Taking imaginary Antonia's hands in mine, I say,

"I love you.  You poor thing, this is hard for you, sit down and tell me about yourself."

"At last, you really understand.  My chest is hurting, my eyes are sore and I cannot work this thing out. "

"Antonia, " I say, still holding my own hands, "let's spent time together.  We will consult ourselves and understand ourselves, after all, this whole time right now is about us.  Let us talk now, and after, I will cook us dinner.  Whatever we eat, it will involve butter and cheese."

Later, as I was preparing a candle lit meal for one, I decided that I was going to fall in love with myself.  I had invited myself to dinner, and this was a celebration of my love.

I am of course, one person.  To love myself is always the answer.  But I don't really know how.  Falling in love with myself seems a beautiful way to proceed.  It involves being aware of myself, listening to myself, taking care of myself as if I were precious and seeing myself as truly worthy.  It involves sitting in the silences and letting time just pass.  It involves taking time to know what is happening when all the distractions are done, and accepting it.


Watching the sun rise of a morning with candles and pot of tea.  

Of course, falling in love is the first stage.  When I am more used to myself and can see more of my flaws, when I annoy myself by forgetting to put the rubbish out, I will be in a more permanent relationship with myself.  I will have put in place the foundations, I hope, of a lasting effort to love and take care of myself.  But right now, taking myself in hand, asking myself if I am managing, is wonderful.  Here is a list of the things I have done with and for myself


  1. We have early nights.  I read a book on sleep recommended by Alan's son, and now I understand all about sleep.
  2. We have lovely evening meals.  We eat them in front of the telly which we turn off at the right time because now we have strict bedtimes.
  3. We bought ourselves the most expensive candle in the world from Neals Yard shops, and laughed in the face of caution.
  4. We get up early every morning and watch the dawn rise with candles. We wrap up on the sofa with a pot of tea, and think in the silence and feel calm.  We also light the most expensive candle from Neals Yard and tell ourselves that when it runs out, we will simply buy another.  That feels like freedom.
  5. We have discovered, thanks to my daughter and son in law, walking on the Sussex Downs.  We go there and laugh in the wind, and avoid the cows.   
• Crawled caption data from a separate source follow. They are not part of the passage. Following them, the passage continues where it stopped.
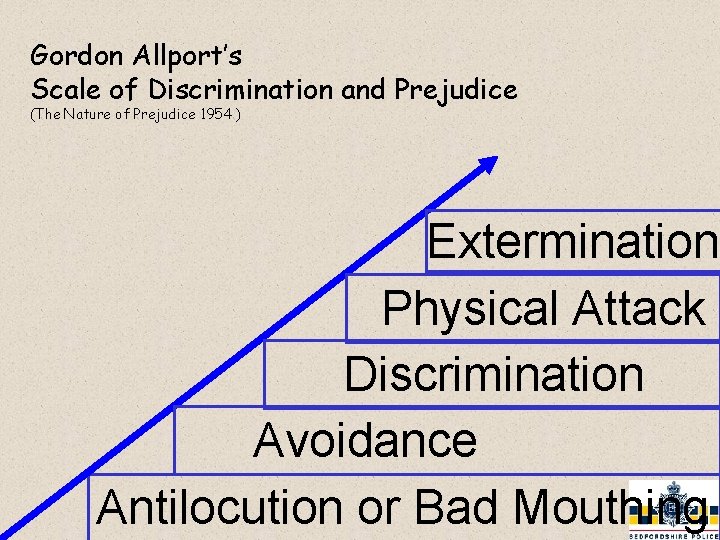 Gordon Allport’s Scale of Discrimination and Prejudice (The Nature of Prejudice 1954 ) Extermination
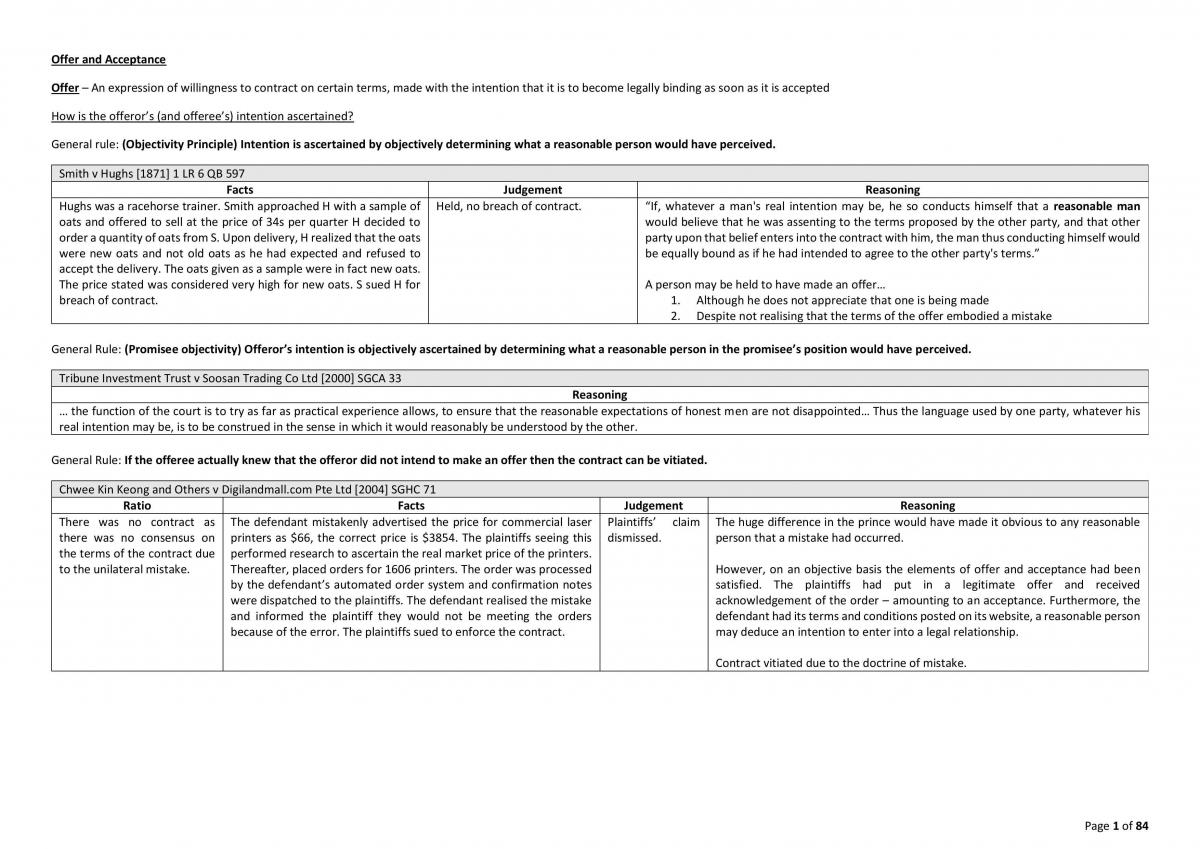 Contact law case notes - Page 1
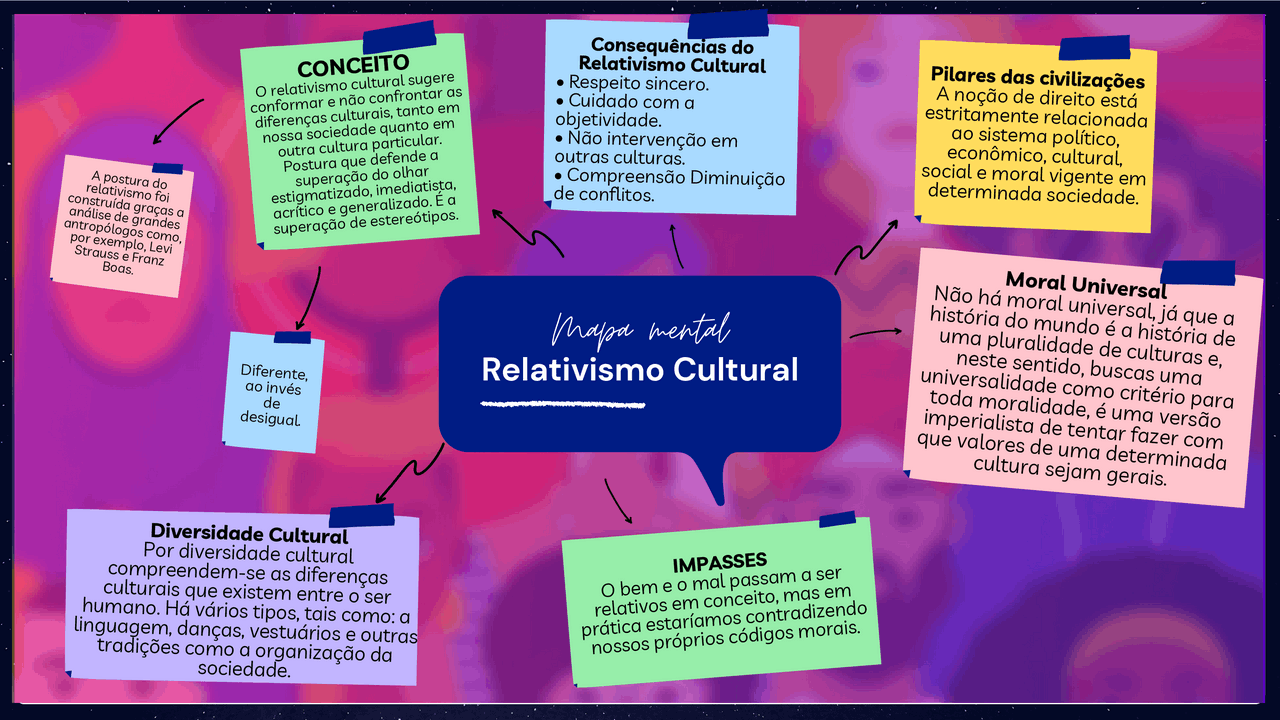 Relativismo Cultural Mapa Mental - ZULEDU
On the Downs, cows probably avoiding me




   Chapter Three


Mum and me 
Over the last year and a half I have loved and lost my mother, my youngest brother and my husband. Each death leaves us changed and each dying leaves a legacy.  My mother's death left a legacy of love, my brother's death left a legacy of wisdom, and my husband's death left a legacy of magnificence.  I am in a place of recovery now, to think on the love, wisdom and magnificence of these three people.  They have not left me, and I understand that now.  Nine years ago, when my then partner Steve was dying, he used to say that he would never leave me.  This changed as his health deteriorated, to always being with me.  I was infuriated by this, what kind of talk was that?  I didn't want some airy fairy presence with me, I wanted a strong solid alive  person with arms and legs.  I couldn't bear that always be with me stuff. But I understand it now.  They are always with me, and it is comforting.
Dom and me

Now that they are all dead, and physically disappeared, it is a comfort to feel that somewhere in the back of my mind, somewhere in the silences, somewhere in the middle of a day or night, I get a feeling that they are in the room with me.  But here in this world, where I am still living, it seems it is not just a question of being quiet and taking time out.  Life does not stop because I have hidden from it.  The time that passes through this little place in which I hide, the silences settling here as I take time out, are powerful and revealing if I take myself by the hand, state my intention to learn to love myself better, and let time take over.  There is, in the end, after all, only love.